BEGIN SUPPLIED INFORMATION
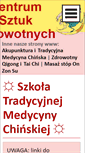 Mobile Screenshot of centrumsztukzdrowotnych.pl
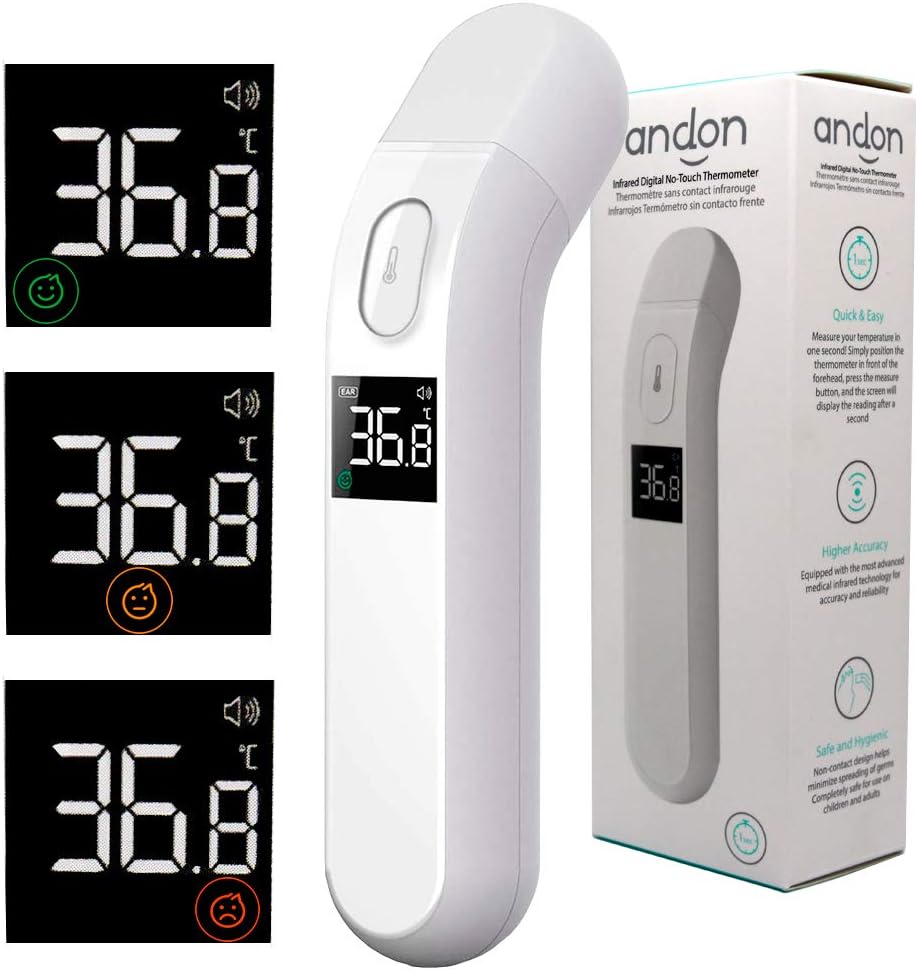 ANDON Infrared Digital No-Touch Thermometer - 1 Unit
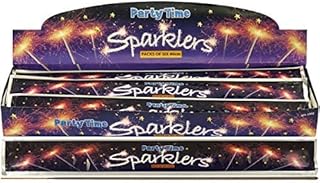 2 x 40cm Hand Held Sparklers (6 Pack) Party Time - Ideal for Bon Fire Ni...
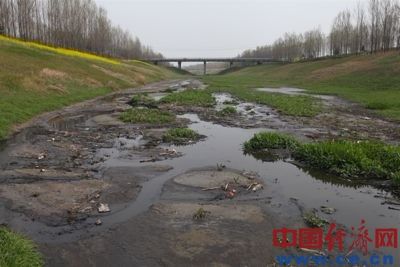 污水在河道中流淌、蔓延、下渗，已经污染了附近村民赖以生存的地下水源。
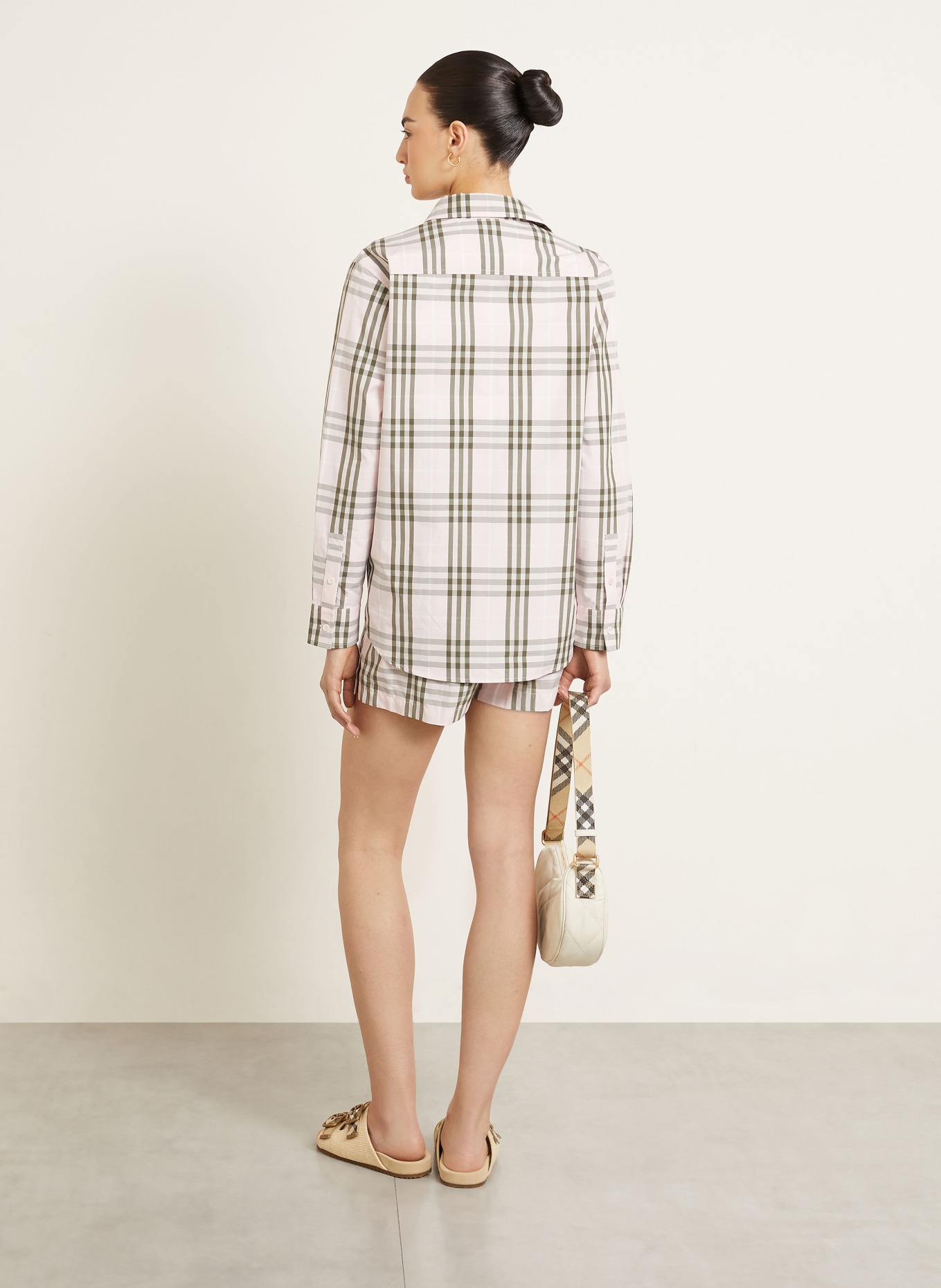 BURBERRY Hemdbluse EMMA: HELLROSA / BEIGE / OLIV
END SUPPLIED INFORMATION
**WORK ITEM**. Reproduce every record word for word. The copy must contain no pictures.

**ANSWER TO THIS EXERCISE**.
 Mobile Screenshot of centrumsztukzdrowotnych.pl
 ANDON Infrared Digital No-Touch Thermometer - 1 Unit
 2 x 40cm Hand Held Sparklers (6 Pack) Party Time - Ideal for Bon Fire Ni...
 污水在河道中流淌、蔓延、下渗，已经污染了附近村民赖以生存的地下水源。
 BURBERRY Hemdbluse EMMA: HELLROSA / BEIGE / OLIV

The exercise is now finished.